On the seven-day trip, apart from learning more about China's development achievements, the delegation had various opportunities to interact with local Chinese people. In Shanghai, the members had exchanges with the locals in the Gubei Civic Center and learned about the operation of grassroots democracy in China. In Yucun village, they had a dialogue with a young entrepreneur who moved his business there about his experiences as a new resident. In Xiaqi village, they had a closer look at how local fishermen weave fishing nets.

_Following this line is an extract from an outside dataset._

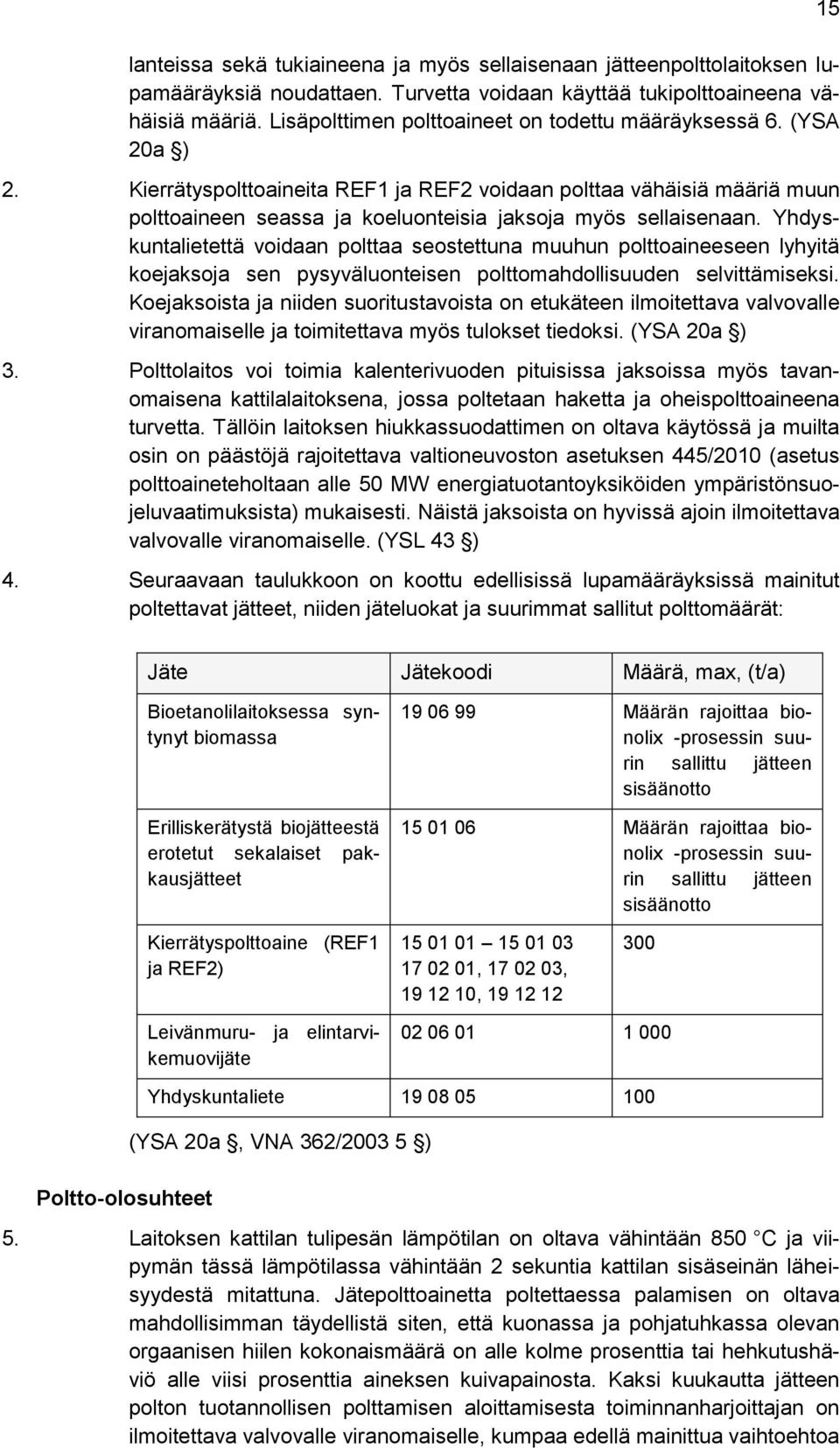 Kierrätyspolttoaineita REF1 ja REF2 voidaan polttaa vähäisiä määriä muun polttoaineen seassa ja koeluonteisia jaksoja myös sellaisenaan.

Although fascinated by China's ongoing environmental campaign, Martin Azzopardi, a teacher of the Science/China Corner at St. Margret College Secondary School in Malta, shone a light on his exchanges with the Chinese people, calling it "the most beautiful thing" during this trip.

"It's you the Chinese people who make China. The big heart of the Chinese people should be always highlighted," he said.

"We should build bridges. Though there are always cultural differences in life, it doesn't matter. The garden is beautiful because it has different flowers, and that's why I am so happy to be here," Azzopardi continued.

"On behalf of the delegation, I just want to say every moment here in China is an exciting moment for us," noted Nawanda from Tanzania at the end of this trip. "Every event we learn new things, and among all the things which we have learned here in China, the Chinese people [we see] are so lovely, humble and diligent."

On the boat on the West Lake in Hangzhou, a selfie between Amin and Chinese journalists soon turned into a group video joined by other members of the delegation. After giving a shoutout to each member's country, everyone smiled and shouted, "We love China! We love each other!" Such a message of friendship connected by the BRI echoed on the scenic lake, and it is hoped that it will also spread all over the world and live long.